Le tribunal de commerce de Saint-Quentin, statuant en référé le 6 novembre 2025, a été saisi par l’assureur d’un parc éolien. Ce dernier sollicitait une expertise sur l’origine d’un incendie survenu sur une éolienne et la communication de divers documents. Le juge a ordonné l’expertise en l’aménageant et a rejeté la demande de communication générale de correspondances. Il a également mis la provision à la charge du demandeur.

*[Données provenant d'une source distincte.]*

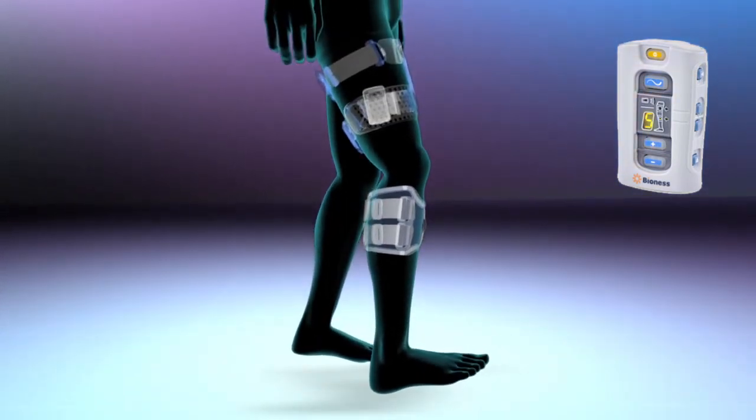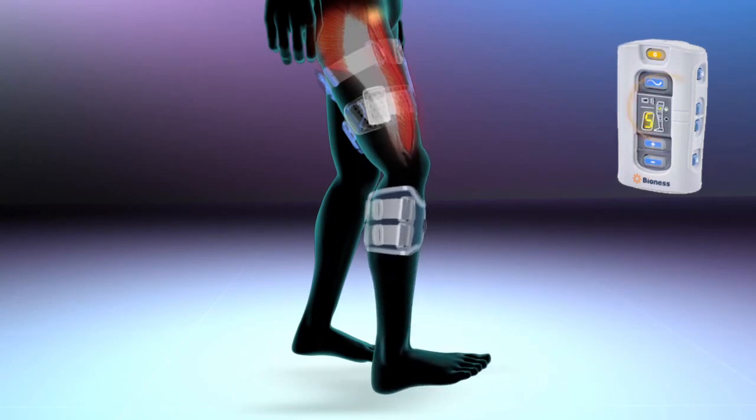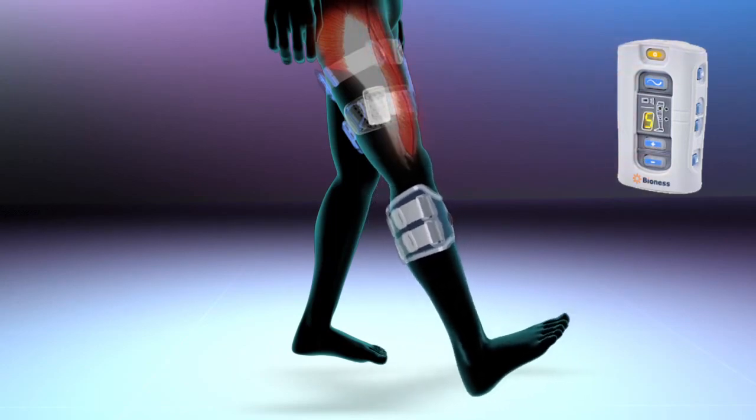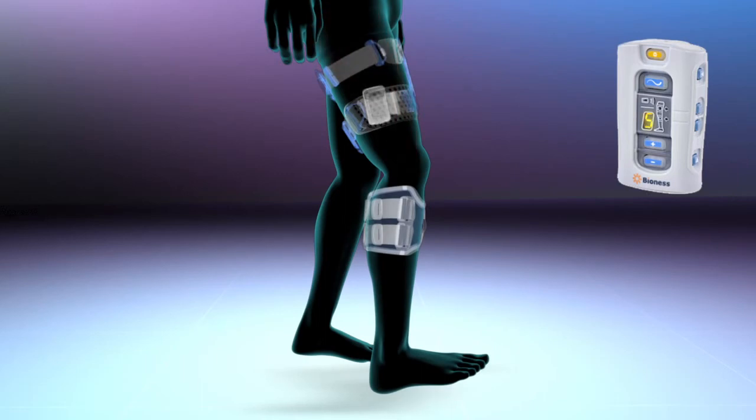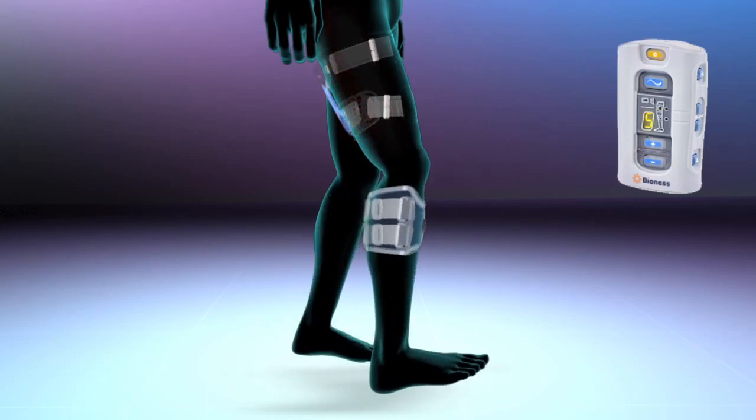The pulses from the thigh cuff activate the nerves, stimulating the quadriceps muscles that cause the knee to extend at the appropriate time during gait. The thigh cuff may also be worn on the back of the leg, stimulating the hamstring muscles that cause the knee to flex at the appropriate time during gait.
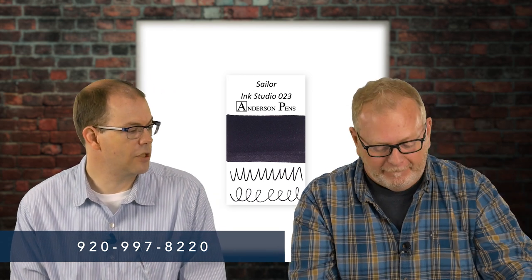That directive comes from Sailor Japan — you can't sell them online, but you can sell them in the store. They're in brick and mortar, so we have them here in Appleton and also in our Chicago location. You can give us a call and we'd be happy to take your order over the phone and ship it to you. Our number is 920-997-8220. Why did Sailor do this? Well, they make these inks in small batches, so they're trying to make it sustainable.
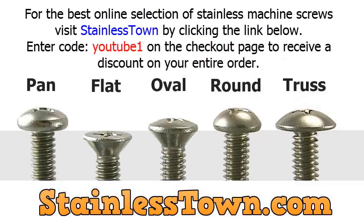For the best online selection of stainless machine screws, make sure to visit StainlessTown.com by clicking the link below. Enter code YOUTUBE1 on the checkout page to receive a discount on your entire order.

L’encadrement procédural d’une mesure d’instruction en référé
Le juge des référés admet le principe de l’expertise tout en en précisant strictement le cadre. Il estime que la mesure sollicitée entre dans ses pouvoirs, considérant qu’elle « s’impose et entre dans les pouvoirs du Juge des Référés » (Motifs). Cette affirmation rappelle la compétence du juge des référés pour ordonner toute mesure utile sans préjuger du fond. Le juge procède ensuite à un important aménagement de la mission d’expertise. Il complète la mission initiale pour intégrer des vérifications sur l’état des pièces après réparation et stockage. La mission est ainsi étendue pour « Indiquer s’il peut exécuter sa mission alors que l’éolienne E2 a déjà été réparée et les pièces abimées stockées » (Par ces motifs). Cette précision vise à garantir la fiabilité des conclusions de l’expert malgré l’altération potentielle des preuves.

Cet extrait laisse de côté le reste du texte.